My
son was born on Nov.7, 1963 in Toronto General Hospital. During labour
I was left for the last few hours on a flat stretcher in a labour
room beside other women who were similarly on stretchers in labour,
assembly line style. Every now and then some strange woman came in
to perform internal examinations to find out how far along I was.
I assume the others were getting the same treatment although I didn't
notice because of the pain. I can remember hearing my doctor being
paged repeatedly - I hadn't seen him yet. A student nurse spent much
of that time with me. I told her about my situation between pains
and she was very comforting. I can remember her offering her hand
to be held and I expressed that I feared I would hurt her hand.
When
the baby was about to be born I was wheeled into the delivery room
and put on the table. They had waited too long, but had shot me up
with Demerol which didn't control the pain at all, just made me very
uninhibited. It was a nightmare.
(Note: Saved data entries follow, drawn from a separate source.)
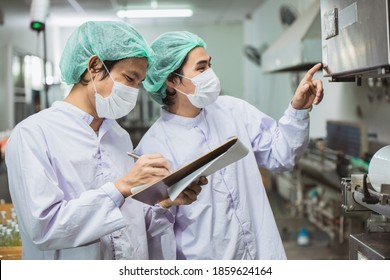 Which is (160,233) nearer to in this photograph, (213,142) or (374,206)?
(213,142)

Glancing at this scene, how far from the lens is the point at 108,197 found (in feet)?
3.78

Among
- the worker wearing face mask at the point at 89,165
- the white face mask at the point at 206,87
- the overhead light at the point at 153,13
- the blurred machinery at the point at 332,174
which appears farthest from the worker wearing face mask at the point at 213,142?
the blurred machinery at the point at 332,174

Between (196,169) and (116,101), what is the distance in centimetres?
29

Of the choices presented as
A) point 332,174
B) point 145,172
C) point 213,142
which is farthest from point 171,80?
point 332,174

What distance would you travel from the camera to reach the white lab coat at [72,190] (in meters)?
1.13

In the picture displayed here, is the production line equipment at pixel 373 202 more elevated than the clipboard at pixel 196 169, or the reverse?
the clipboard at pixel 196 169

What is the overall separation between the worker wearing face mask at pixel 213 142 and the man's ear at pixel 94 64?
24 cm

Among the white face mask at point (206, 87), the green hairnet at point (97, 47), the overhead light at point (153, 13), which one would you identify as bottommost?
the white face mask at point (206, 87)

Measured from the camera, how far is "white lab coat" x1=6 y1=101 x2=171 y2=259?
3.70ft

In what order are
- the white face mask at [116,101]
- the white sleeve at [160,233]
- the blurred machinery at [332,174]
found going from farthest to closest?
the blurred machinery at [332,174], the white sleeve at [160,233], the white face mask at [116,101]

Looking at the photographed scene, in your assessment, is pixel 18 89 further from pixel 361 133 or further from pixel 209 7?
pixel 361 133

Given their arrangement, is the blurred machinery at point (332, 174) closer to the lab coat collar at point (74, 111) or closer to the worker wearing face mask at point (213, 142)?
the worker wearing face mask at point (213, 142)

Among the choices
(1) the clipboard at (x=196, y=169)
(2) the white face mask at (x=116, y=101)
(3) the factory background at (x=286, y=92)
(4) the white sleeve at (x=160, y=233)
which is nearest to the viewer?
(1) the clipboard at (x=196, y=169) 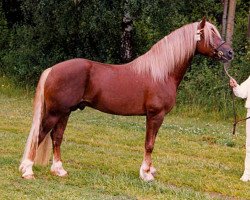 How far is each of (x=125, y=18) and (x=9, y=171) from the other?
34.7ft

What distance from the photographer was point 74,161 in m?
8.23

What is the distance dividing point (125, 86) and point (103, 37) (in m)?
10.7

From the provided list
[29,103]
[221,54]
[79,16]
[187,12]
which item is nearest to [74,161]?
[221,54]

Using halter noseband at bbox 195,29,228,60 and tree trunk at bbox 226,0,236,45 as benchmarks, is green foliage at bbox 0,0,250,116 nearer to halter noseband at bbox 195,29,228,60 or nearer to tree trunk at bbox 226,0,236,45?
tree trunk at bbox 226,0,236,45

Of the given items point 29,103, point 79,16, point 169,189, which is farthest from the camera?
point 79,16

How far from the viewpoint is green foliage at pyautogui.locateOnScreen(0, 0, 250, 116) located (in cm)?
1570

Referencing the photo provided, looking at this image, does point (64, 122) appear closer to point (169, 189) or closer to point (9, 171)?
point (9, 171)

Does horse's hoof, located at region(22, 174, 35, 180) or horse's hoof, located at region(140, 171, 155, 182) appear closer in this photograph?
horse's hoof, located at region(22, 174, 35, 180)

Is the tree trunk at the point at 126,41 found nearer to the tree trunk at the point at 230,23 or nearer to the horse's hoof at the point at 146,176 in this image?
the tree trunk at the point at 230,23

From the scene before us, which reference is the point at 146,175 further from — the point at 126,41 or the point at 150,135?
the point at 126,41

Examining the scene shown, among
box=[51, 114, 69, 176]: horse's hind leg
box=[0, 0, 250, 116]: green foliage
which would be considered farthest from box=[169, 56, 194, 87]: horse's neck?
box=[0, 0, 250, 116]: green foliage

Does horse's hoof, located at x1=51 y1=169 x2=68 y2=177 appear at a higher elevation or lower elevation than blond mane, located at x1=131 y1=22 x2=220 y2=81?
lower

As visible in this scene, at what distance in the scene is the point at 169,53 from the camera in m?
7.20

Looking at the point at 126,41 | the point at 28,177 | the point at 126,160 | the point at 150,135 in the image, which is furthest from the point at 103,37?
the point at 28,177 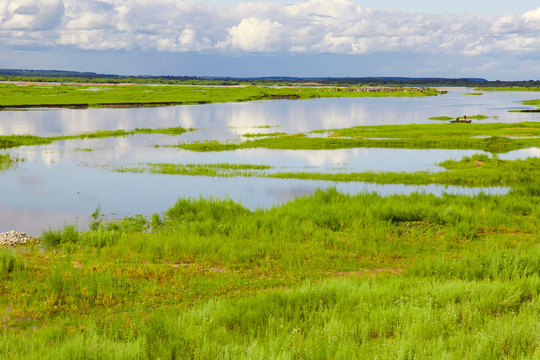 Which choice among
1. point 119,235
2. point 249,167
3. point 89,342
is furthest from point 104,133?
point 89,342

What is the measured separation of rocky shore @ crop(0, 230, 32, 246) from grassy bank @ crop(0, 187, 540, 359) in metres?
0.59

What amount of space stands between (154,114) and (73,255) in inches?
2621

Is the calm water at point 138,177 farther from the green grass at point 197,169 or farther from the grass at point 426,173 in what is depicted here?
the grass at point 426,173

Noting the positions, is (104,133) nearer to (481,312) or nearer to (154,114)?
(154,114)

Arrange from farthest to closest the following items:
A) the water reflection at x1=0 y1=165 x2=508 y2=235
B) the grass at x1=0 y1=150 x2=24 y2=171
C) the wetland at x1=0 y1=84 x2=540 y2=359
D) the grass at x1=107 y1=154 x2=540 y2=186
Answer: the grass at x1=0 y1=150 x2=24 y2=171, the grass at x1=107 y1=154 x2=540 y2=186, the water reflection at x1=0 y1=165 x2=508 y2=235, the wetland at x1=0 y1=84 x2=540 y2=359

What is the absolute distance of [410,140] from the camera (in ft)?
147

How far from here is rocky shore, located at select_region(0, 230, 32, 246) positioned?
14.1m

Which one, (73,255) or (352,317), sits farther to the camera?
(73,255)

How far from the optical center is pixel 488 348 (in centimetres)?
636

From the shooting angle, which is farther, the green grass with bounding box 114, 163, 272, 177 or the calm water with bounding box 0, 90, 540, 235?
the green grass with bounding box 114, 163, 272, 177

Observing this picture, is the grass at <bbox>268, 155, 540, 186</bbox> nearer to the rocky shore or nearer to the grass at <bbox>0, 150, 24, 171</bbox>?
the rocky shore

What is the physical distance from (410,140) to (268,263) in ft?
119

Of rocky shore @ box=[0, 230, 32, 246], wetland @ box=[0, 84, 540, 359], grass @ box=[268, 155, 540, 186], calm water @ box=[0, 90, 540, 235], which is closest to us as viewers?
wetland @ box=[0, 84, 540, 359]

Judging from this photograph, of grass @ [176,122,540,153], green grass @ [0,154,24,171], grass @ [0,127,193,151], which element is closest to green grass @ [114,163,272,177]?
green grass @ [0,154,24,171] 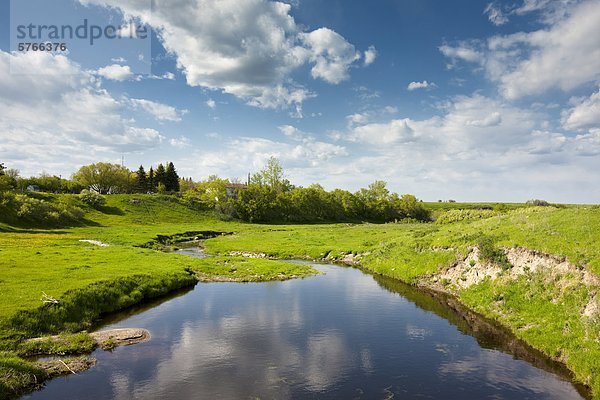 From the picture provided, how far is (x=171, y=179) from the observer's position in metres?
185

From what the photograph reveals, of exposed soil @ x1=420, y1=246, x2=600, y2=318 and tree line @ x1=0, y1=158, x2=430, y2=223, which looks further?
tree line @ x1=0, y1=158, x2=430, y2=223

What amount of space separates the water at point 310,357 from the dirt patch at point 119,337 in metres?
0.81

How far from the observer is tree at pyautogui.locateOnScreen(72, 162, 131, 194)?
179875 millimetres

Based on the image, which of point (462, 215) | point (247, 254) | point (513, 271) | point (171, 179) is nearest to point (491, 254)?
point (513, 271)

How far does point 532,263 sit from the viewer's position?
3297cm

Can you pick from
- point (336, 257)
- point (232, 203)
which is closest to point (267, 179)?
point (232, 203)

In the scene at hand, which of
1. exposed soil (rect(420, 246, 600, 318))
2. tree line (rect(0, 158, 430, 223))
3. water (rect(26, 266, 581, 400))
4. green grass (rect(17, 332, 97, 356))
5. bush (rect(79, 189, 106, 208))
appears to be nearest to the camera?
water (rect(26, 266, 581, 400))

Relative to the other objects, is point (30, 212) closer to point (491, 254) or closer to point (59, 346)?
point (59, 346)

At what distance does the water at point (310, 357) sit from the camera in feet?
63.8

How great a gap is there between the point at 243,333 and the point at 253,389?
27.3 feet

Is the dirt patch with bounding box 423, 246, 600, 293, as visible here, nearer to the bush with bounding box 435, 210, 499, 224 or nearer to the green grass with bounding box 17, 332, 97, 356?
the green grass with bounding box 17, 332, 97, 356

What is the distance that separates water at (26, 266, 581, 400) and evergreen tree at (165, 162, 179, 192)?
520 feet

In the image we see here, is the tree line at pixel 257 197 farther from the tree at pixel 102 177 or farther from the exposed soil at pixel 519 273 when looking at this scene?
the exposed soil at pixel 519 273

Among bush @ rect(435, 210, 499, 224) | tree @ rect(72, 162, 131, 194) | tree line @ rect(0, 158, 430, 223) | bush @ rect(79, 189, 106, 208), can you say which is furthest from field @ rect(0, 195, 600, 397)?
tree @ rect(72, 162, 131, 194) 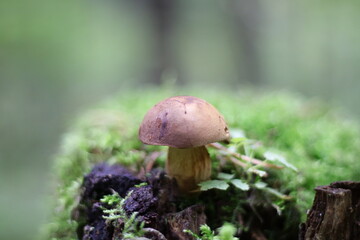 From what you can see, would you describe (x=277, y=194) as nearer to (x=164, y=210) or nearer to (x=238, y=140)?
(x=238, y=140)

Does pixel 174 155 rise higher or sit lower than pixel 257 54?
lower

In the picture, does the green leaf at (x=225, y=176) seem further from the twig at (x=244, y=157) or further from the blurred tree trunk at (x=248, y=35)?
the blurred tree trunk at (x=248, y=35)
They didn't have time to tie me down.
I just remember the head crowning and I reached down and felt his
head when I heard my doctor's voice yelling at me "Get your hand off
that head!" Someone tried to put a mask over my mouth and I do remember
scratching him or her because it felt as if they were trying to suffocate
me. That was all I remember of the delivery.
I
woke up in my bed later. An older nurse came to visit me and delivered
a speech at the end of my bed about which i remember snippets, such
as how she didn't know how I felt, that she had never had a child.
She was trying to be empathetic and insisted on calling me "Mrs.".
The same nurse later gave me a large needle to stop lactation even
though I said I wanted to breastfeed my baby. I assume this was DES.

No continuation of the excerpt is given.